* WHAT TO DO:
Transcribe exactly the lines below that begin at the line with "Armoire parisienne ancienne" and stop after the line with "Photo 2 VIN: 2A4GP54LX7R273131", leaving out every picture.
(Beginning of MATERIAL FOR THE TASK)
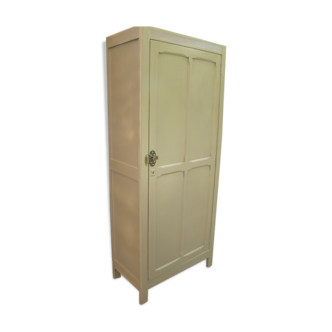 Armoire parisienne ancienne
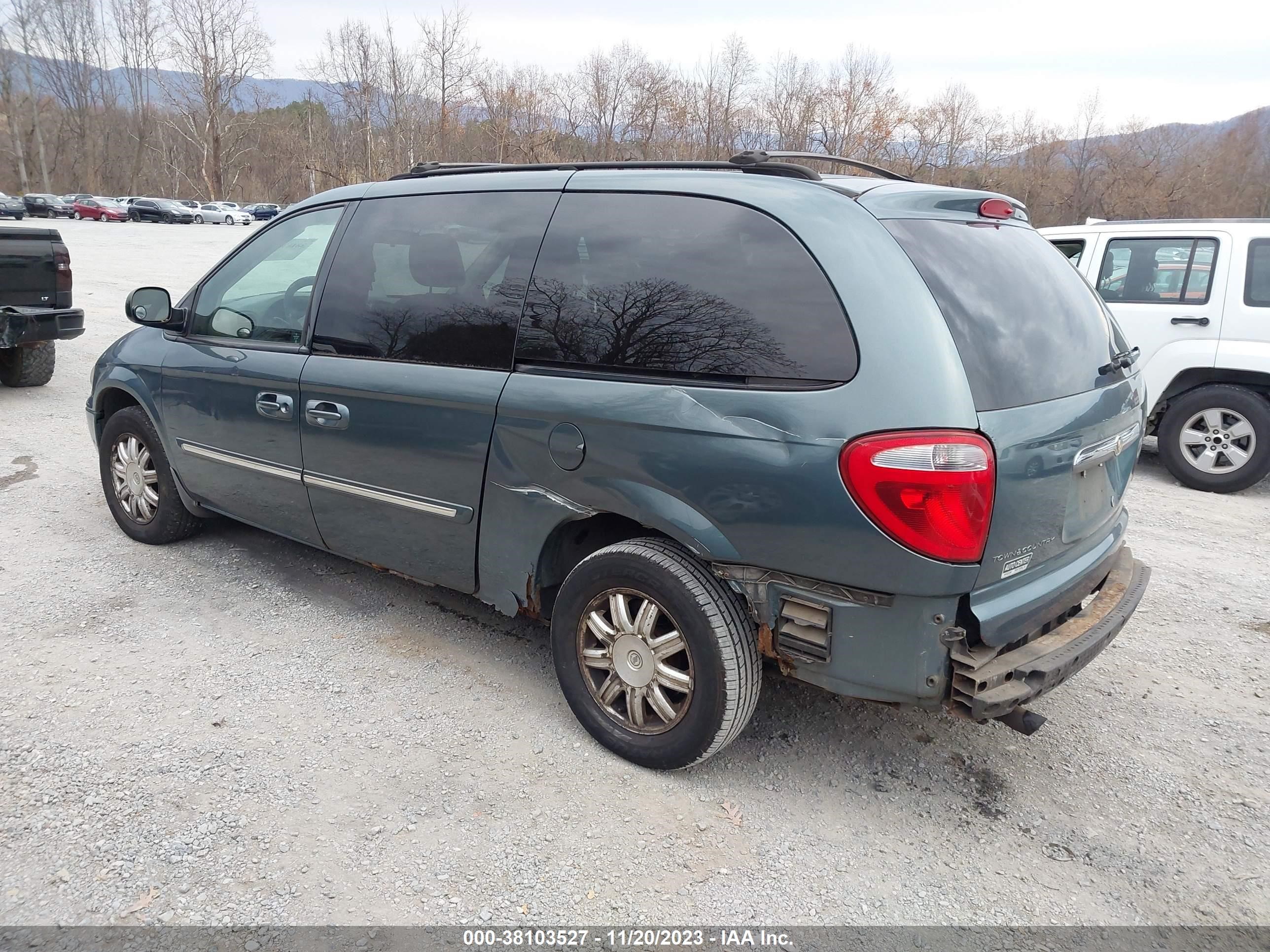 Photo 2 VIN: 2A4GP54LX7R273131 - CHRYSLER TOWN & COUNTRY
(End of MATERIAL FOR THE TASK)
(Beginning of MATERIAL FOR THE TASK)
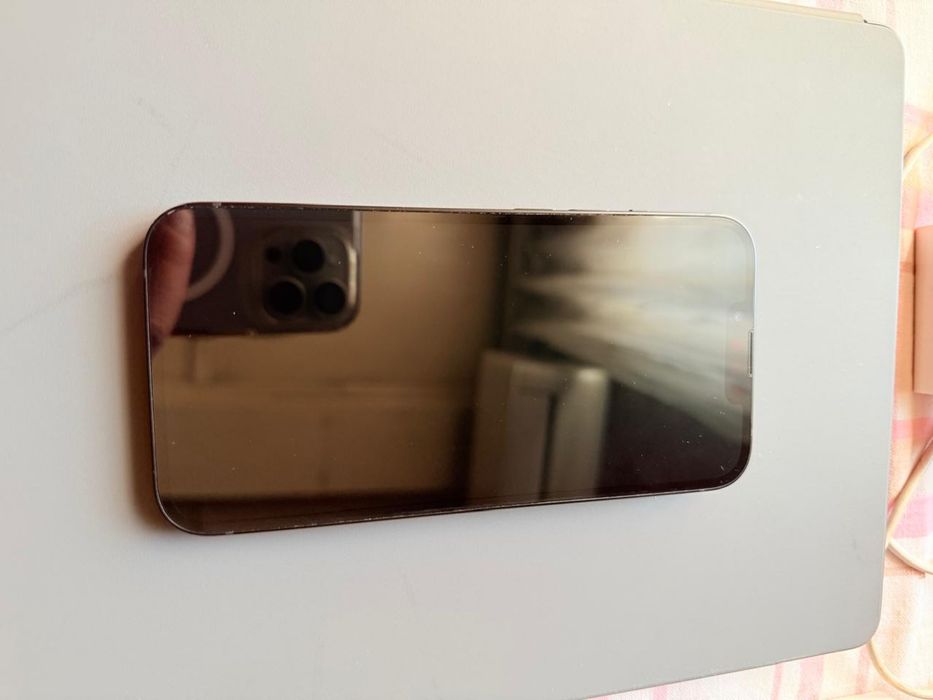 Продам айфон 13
(End of MATERIAL FOR THE TASK)
* ANSWER:
 Armoire parisienne ancienne
 Photo 2 VIN: 2A4GP54LX7R273131 - CHRYSLER TOWN & COUNTRY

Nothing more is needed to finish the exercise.